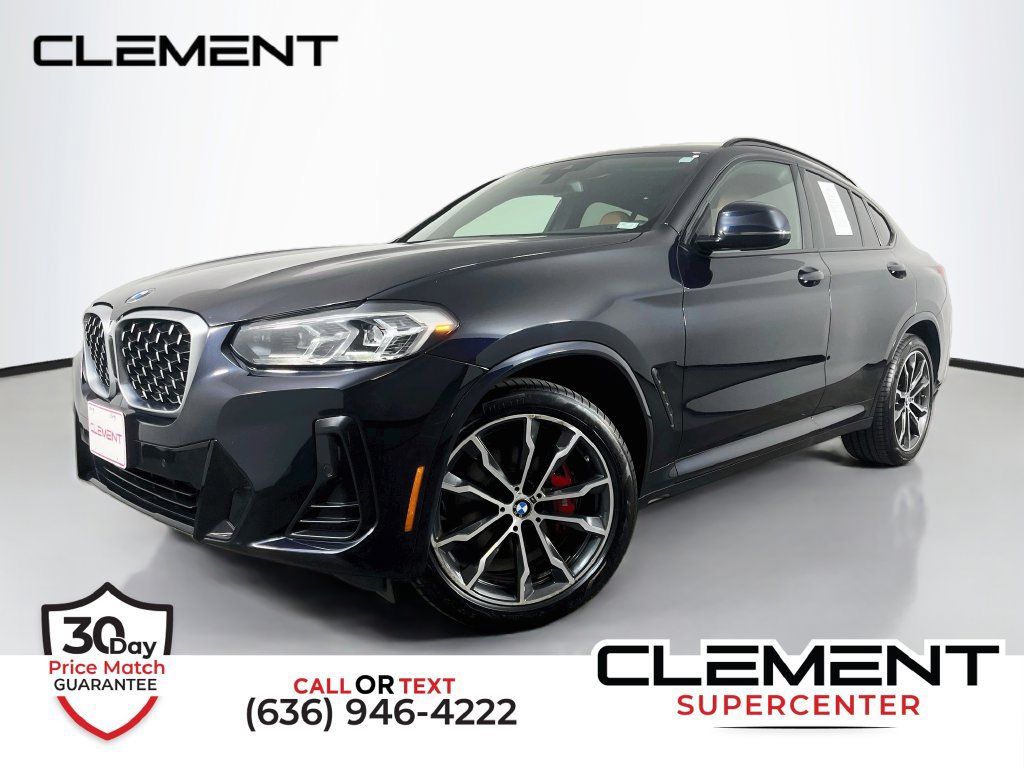 Used 2022 BMW X4 xDrive30i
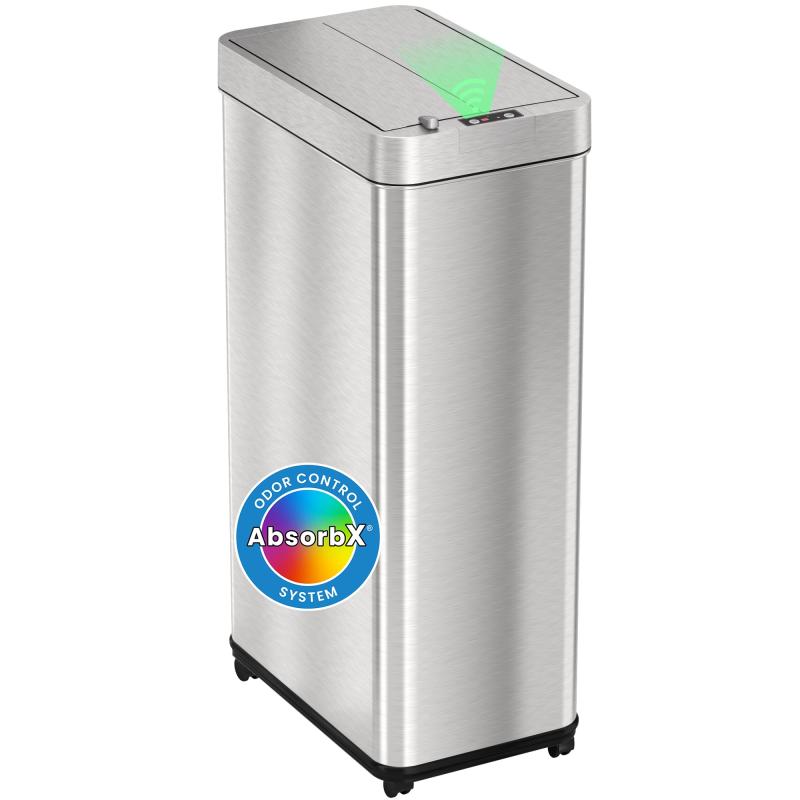 iTouchless Round Sensor Trash Cans with AbsorbX Filters maisonclover-10420824 メゾンクローバー サンプル画像3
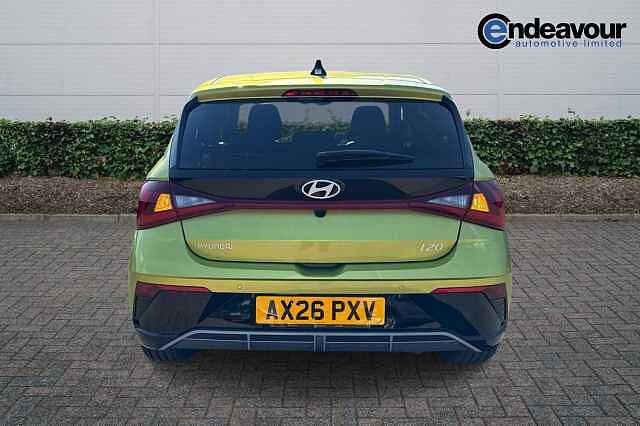Hyundai I20 1.0T GDi 90 Tech Line 5dr Lucid LIME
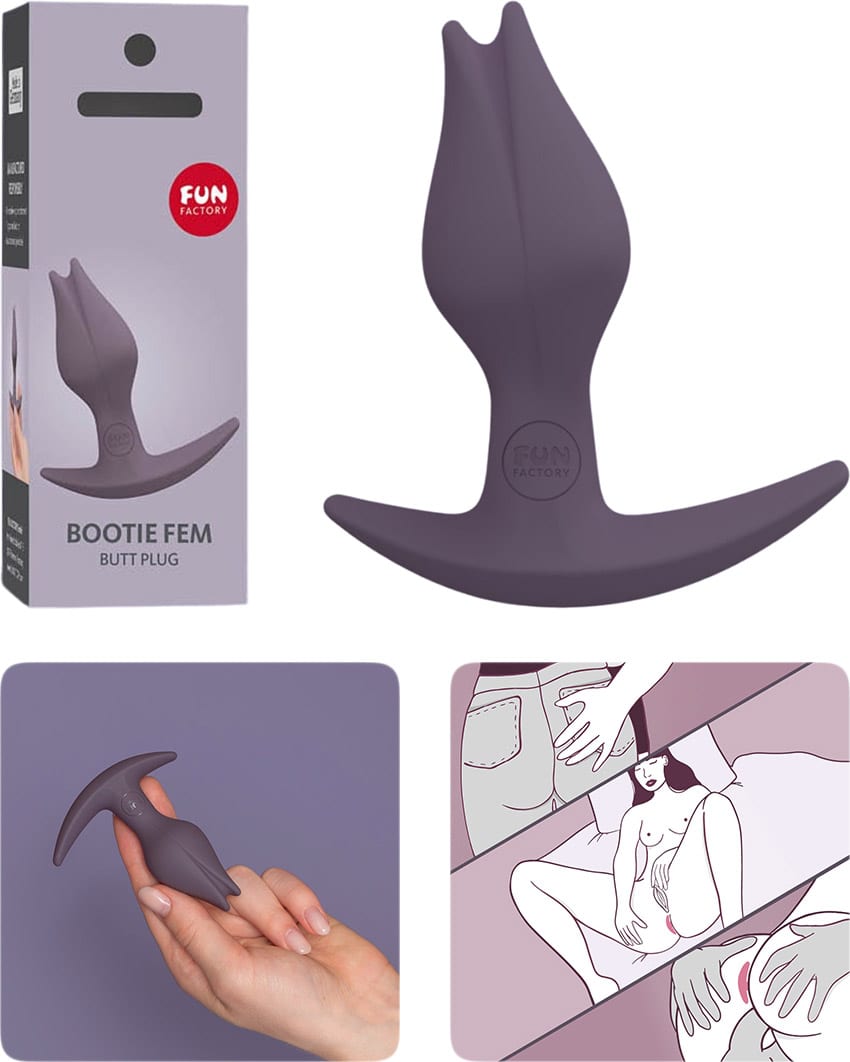 Fun Factory Bootie Fem | Analplug im modernen und innovativen Design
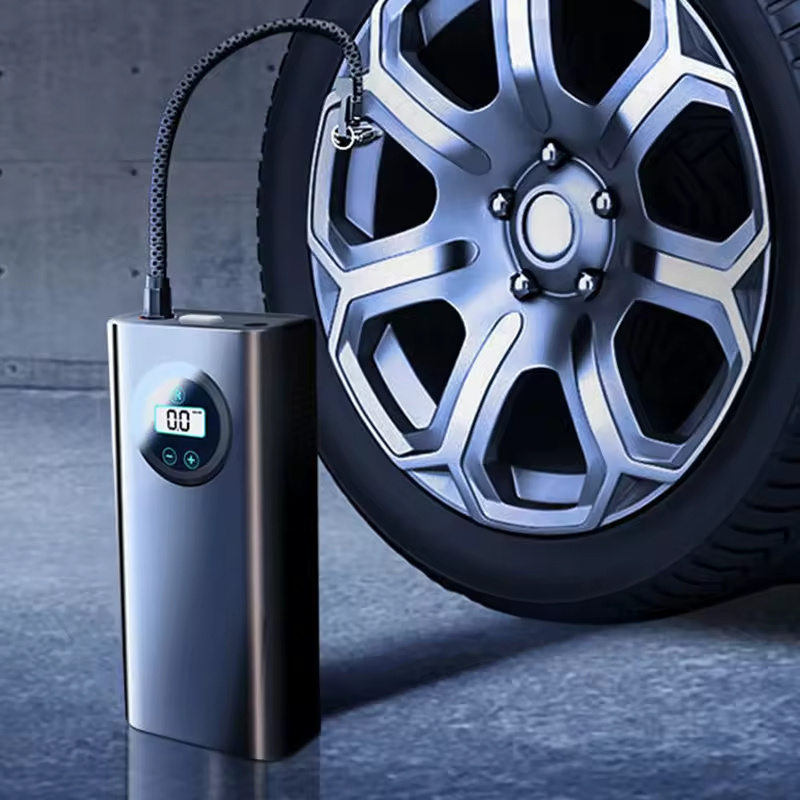 Best Selling Car Air Pump Digital Tire Inflator Car Tire Air Pump Portable Gas Station Tire Air Pump Machine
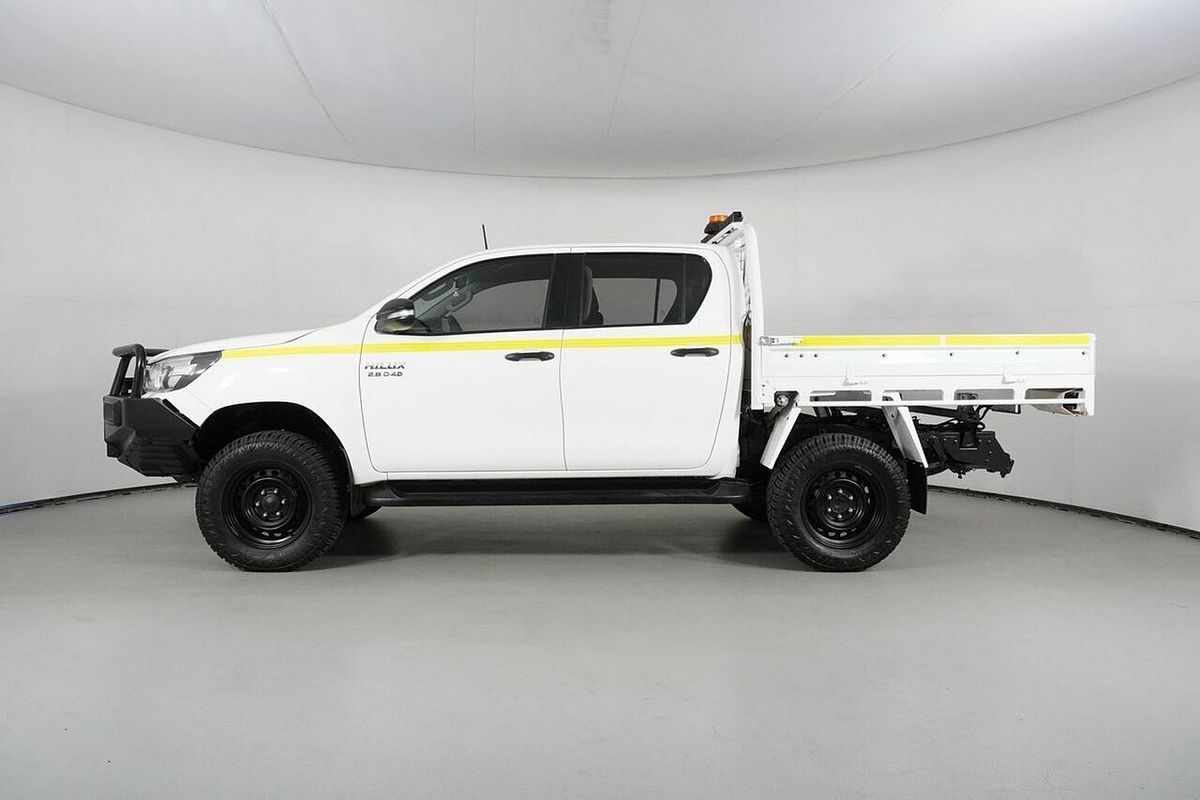 2018 Toyota Hilux SR (4x4) GUN126R MY19 4X4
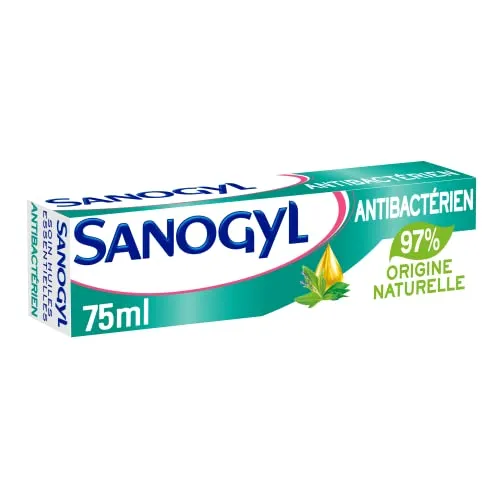 Sanogyl Soin Huiles Essentielles dentifrice 75 ml antibactérien
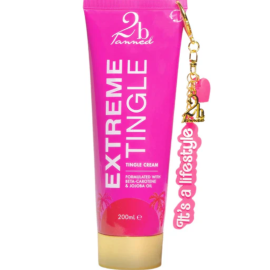2b Tanned Extreme Tingle Tanning Cream 200ml
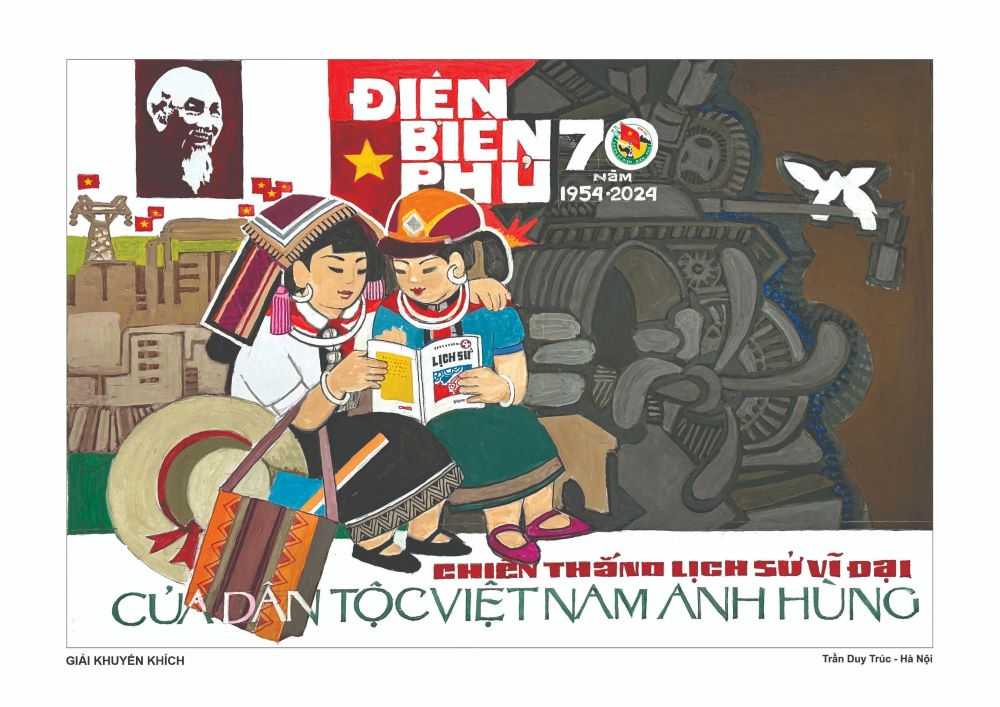 Vietnamese posters depict fight for freedom 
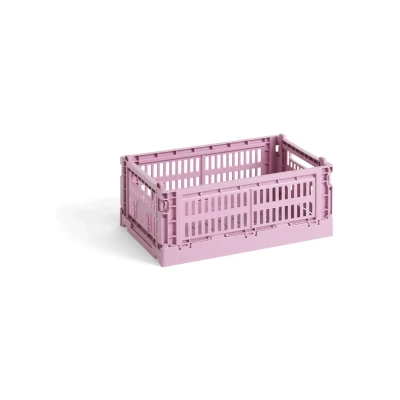 Afbeelding van Hay Colour Crate S vouwkrat Oudroze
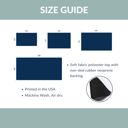  Personalized Chinoiserie Pet Mat - Many Sizes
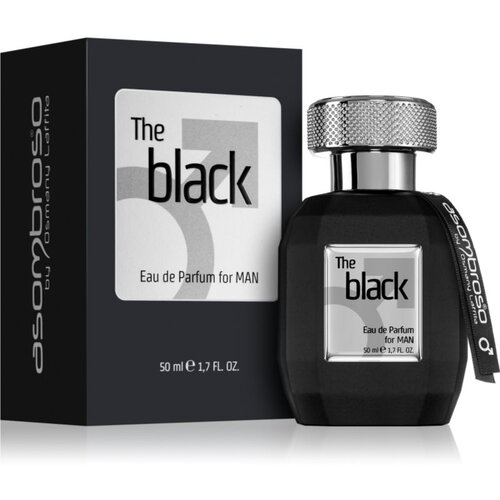 Asombroso by Osmany Laffita The Black for Man parfemska voda za mu&amp;scaron;karce 50 ml Slike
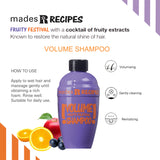 MADES Recipes Fruity Festival Bottle Shampoo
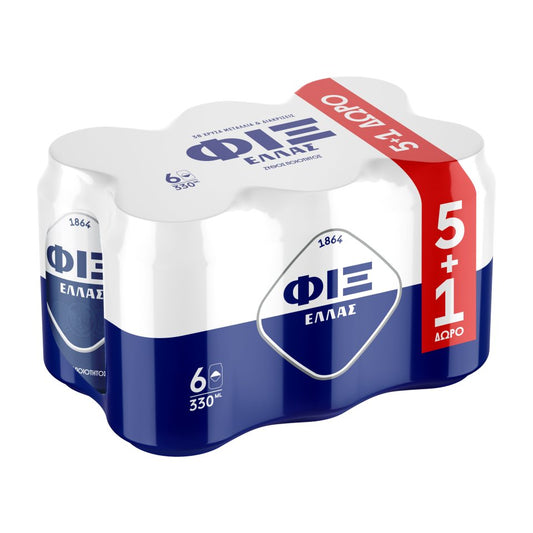 Fix Lager Κουτί 6x330ml 4σ (5204556120068)
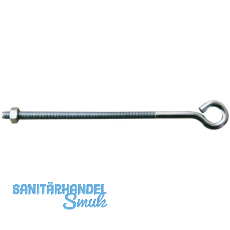 Spannschraube verzinkt 150 mm M6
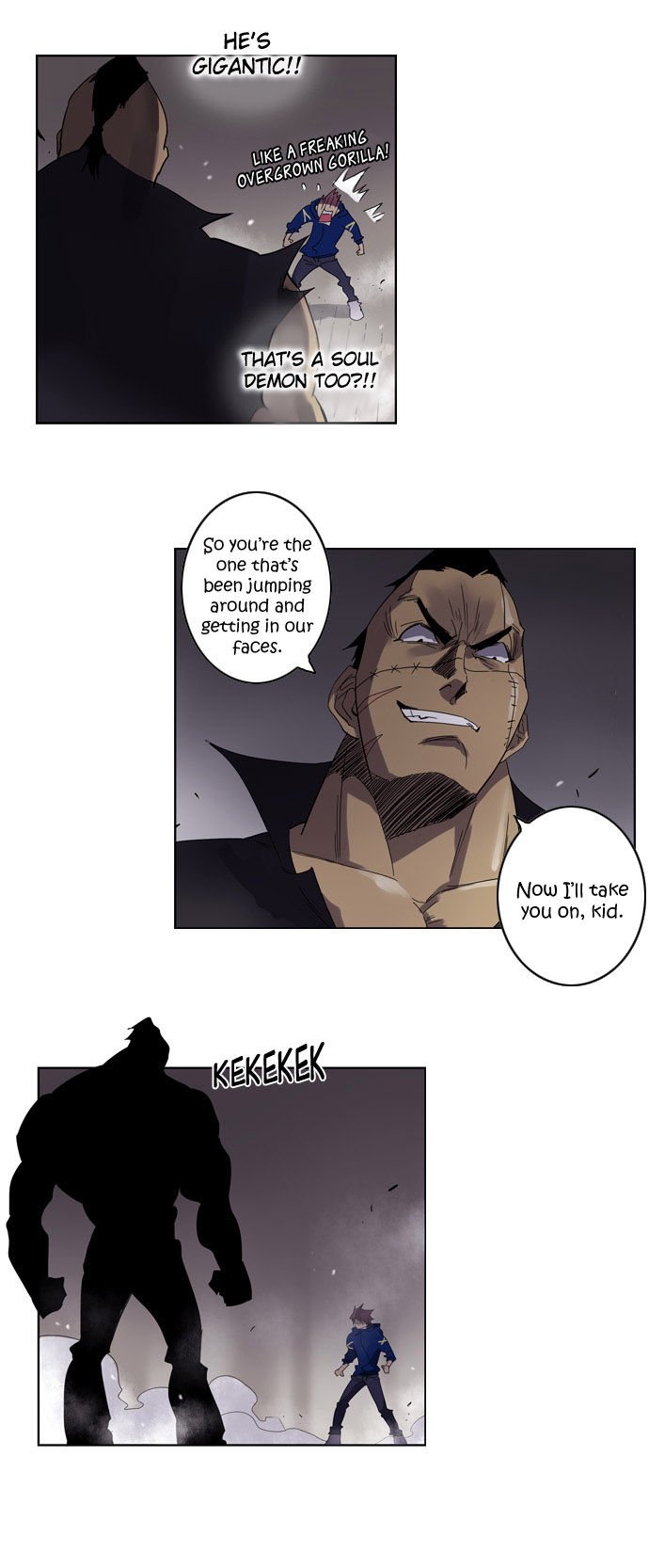 Soul Cartel Chapter 21 page 12 - Chapter 21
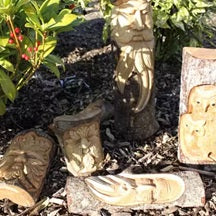 Tree Trunk Carvings
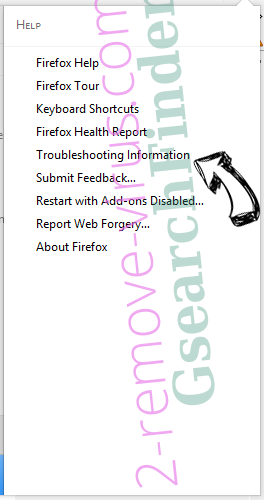 Search.recallalertstab.com Firefox troubleshooting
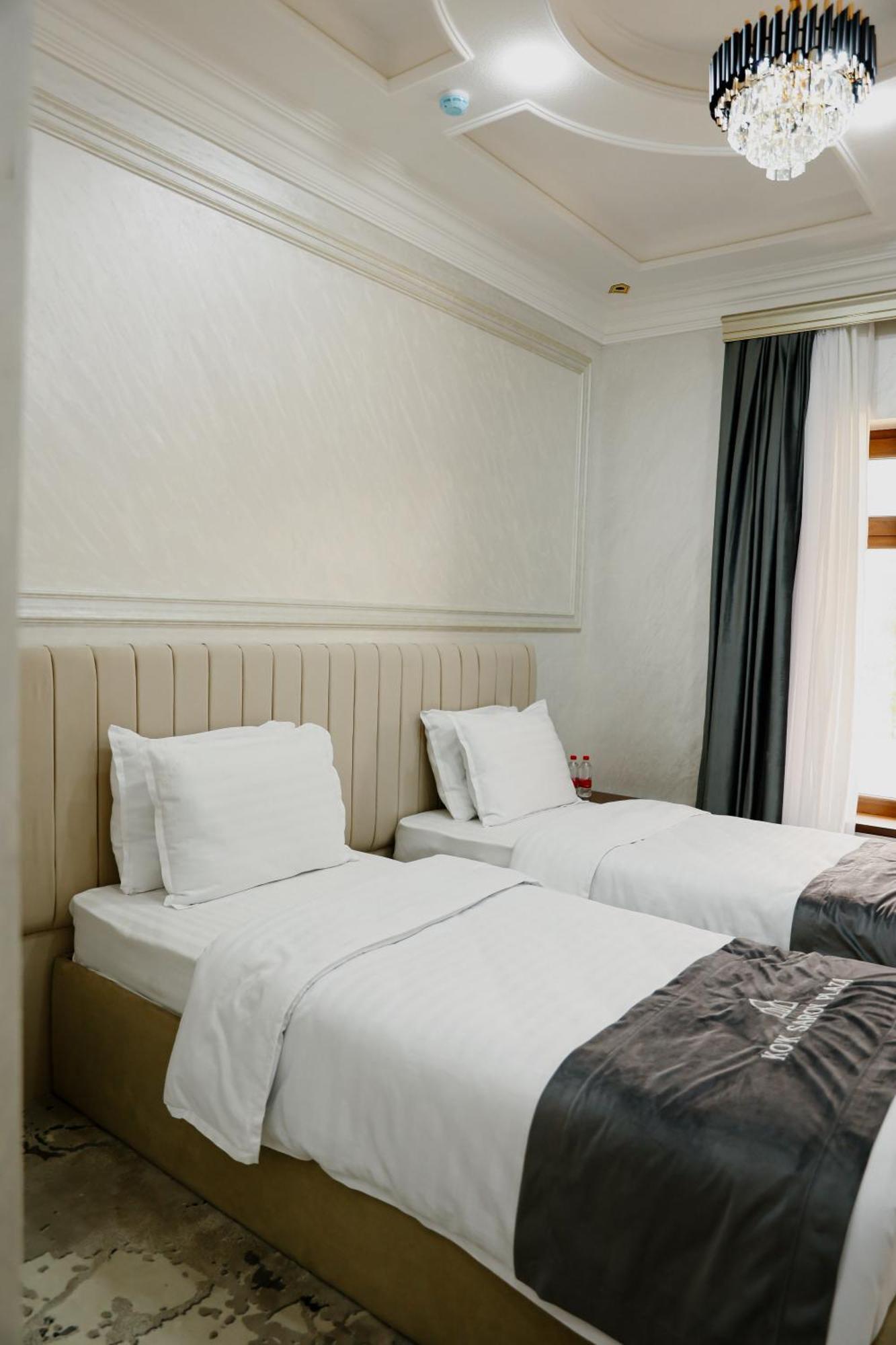 Ko'K Saroy Plaza Hotel ซามาร์คันด์ ภายนอก รูปภาพ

====

If the records include pictures, omit them and transcribe everything else exactly.

 Used 2022 BMW X4 xDrive30i
 iTouchless Round Sensor Trash Cans with AbsorbX Filters maisonclover-10420824 メゾンクローバー サンプル画像3
Hyundai I20 1.0T GDi 90 Tech Line 5dr Lucid LIME
 Fun Factory Bootie Fem | Analplug im modernen und innovativen Design
 Best Selling Car Air Pump Digital Tire Inflator Car Tire Air Pump Portable Gas Station Tire Air Pump Machine
 2018 Toyota Hilux SR (4x4) GUN126R MY19 4X4
 Sanogyl Soin Huiles Essentielles dentifrice 75 ml antibactérien
2b Tanned Extreme Tingle Tanning Cream 200ml
 Vietnamese posters depict fight for freedom 
 Afbeelding van Hay Colour Crate S vouwkrat Oudroze
  Personalized Chinoiserie Pet Mat - Many Sizes
 Asombroso by Osmany Laffita The Black for Man parfemska voda za mu&amp;scaron;karce 50 ml Slike
 MADES Recipes Fruity Festival Bottle Shampoo
 Fix Lager Κουτί 6x330ml 4σ (5204556120068)
 Spannschraube verzinkt 150 mm M6
 Soul Cartel Chapter 21 page 12 - Chapter 21
 Tree Trunk Carvings
 Search.recallalertstab.com Firefox troubleshooting
 Ko'K Saroy Plaza Hotel ซามาร์คันด์ ภายนอก รูปภาพ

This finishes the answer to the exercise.